The input layer , the pooling layers and the output have 0 learnable parameters.
This network contains 60865
parameters almost same as LeNet-5
The second model is based on VGG network, the idea behind it is to stack convolutional neural networks with using a bigger number of filters.
In this network, i used 4 convolutional layers, together with max pooling layers and Relu as an activation function.
This time i used a 512 dense layer .
As we can see in the figure, this network contains much more parameters then the first model, around 4.8M parameters
, which has made the training slower than the first model.
In this section, i will try to benchmark between the 4 models we have. As we can see in this table, the model accuracy for all the models is under 90%.
mini_vgg with a batch_size=64 is the winning model with an accuracy 0f 92.2%
I set the training epochs to 150. Used Early stopping techniques to prevent training while model starts overfitting.
As we can see in the table, the training time of each model(experiment), the accuracy and the number of epochs during which the model was training.
Also you can see diffirent used parameters when training the model.
model | Accuracy | Training time (s) | Epochs |
---|---|---|---|
CNN5 (lr=0.001, batch_size=64, shuffle=False) | 0.907 | 542 | 83 |
CNN5 (lr=0.001, batch_size=128, shuffle=False) | 0.908 | 592 | 69 |
mini_vgg (lr=0.001, batch_size=64, shuffle=False) | 0.922 | 755 | 67 |
mini_vgg (lr=0.001, batch_size=18, shuffle=False) | 0.921 | 1152 | 40 |
CNN5 (lr=0.001, batch_size=64, shuffle=False)
CNN5 (lr=0.001, batch_size=128, shuffle=False)
mini_vgg (lr=0.001, batch_size=64, shuffle=False)
mini_vgg (lr=0.001, batch_size=128, shuffle=False)
As the figures show the green model is the best (lr=0.001, batch_size=64, shuffle=False)
But, when it comes to selecting the best model, it depends on several factors. Here the difference of accuracy between CNN5 and mini_vgg is almost 0.02
.
But the is a big difference when we have a look into the training time (almost 4min
). So selecting the model really depends on requirements and use case.
Due to limited resources/time, i only set few parameters for hyperparameter tuning.
We could improve this by adding more values to
- learning rate [
1e-3
,1e-2
,1e-4
,1e-1
] - shuffle [
True
,False
] : was only set to false - patience [
10
,15
,20
]: earlystopping parameter, set to 10 in our experiment. - ....
So i wrote a code to make image segmentation by fashion item and tried to apply a model from a
kaggle notebook which helped identify ROI
regions (region of interest).
As you can see in the figure, even if the mask is not very accurate, the bounding boxes will cover most of it. So the model it self is fine to make fashion item segmentation(not all classes. ex: no shirts/t-shirts ..
)
I tried to apply one of my models on these rois but the model did not give accurate results and i thin it is because Fashion mnist dataset is a special dataset with black background.

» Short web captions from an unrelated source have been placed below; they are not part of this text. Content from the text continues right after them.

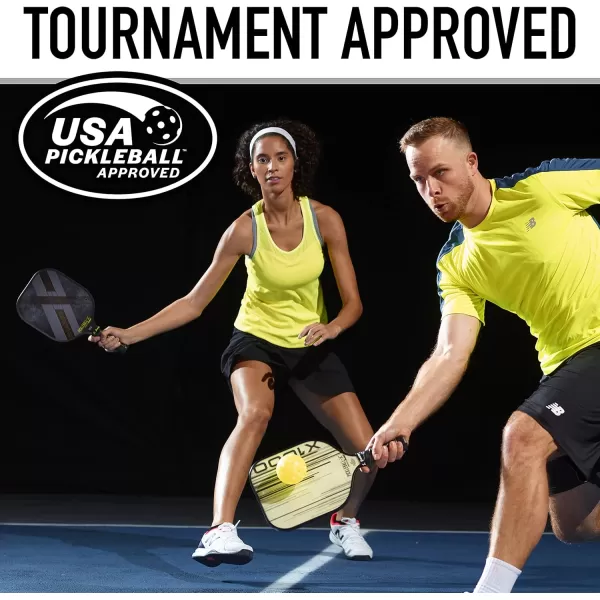 Franklin Sports X26 Indoor Pickleballs  Indoor Court Pickleball Balls  3 Pack 12 Pack  Bulk 100 Pack of Pickleballs  USA Pickleball USAPA Approved Tournament Pickleballs  Multiple ColorsYellow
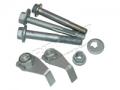 Rear Upper Arm Wishbone Bolt Kit D3/4 RRS (Britpart OEM) LR010523/25K LR010526/7K DA7207 TF7207 ML119 HFK101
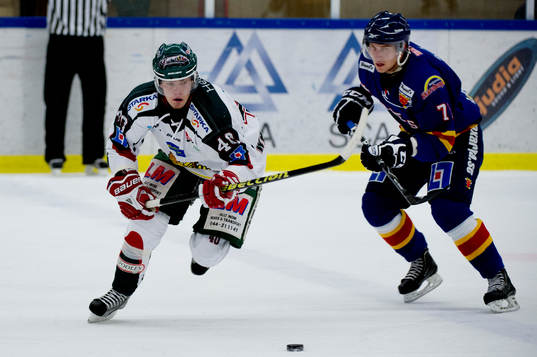 Ishockey, Division 1, allettan södra,  Mariestad -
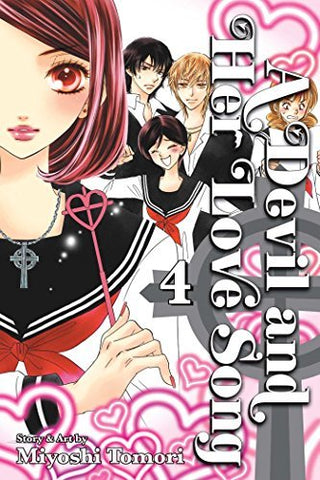 A Devil and Her Love Song Vol 4 (Online Order Only)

Generally it is unreasonable to expect the model to work well on data that is different from what it is has been trained on, but If we want to apply this models on real world images, we need to process our images/frames the same way as Fashion Mnist dataset is processed. and even though, it might not generalize on this processed data.
In this experiment mini_vgg gave the better results, we could retrain our network with real world images and then apply it video frames/images.
`NB`: `Please do not use my shoes or my trouser any where in the internet without buying a licence :)`
The next step will be to try to preprocess the data the same as Fashion Mnist is processed and try to apply the model on processed rois.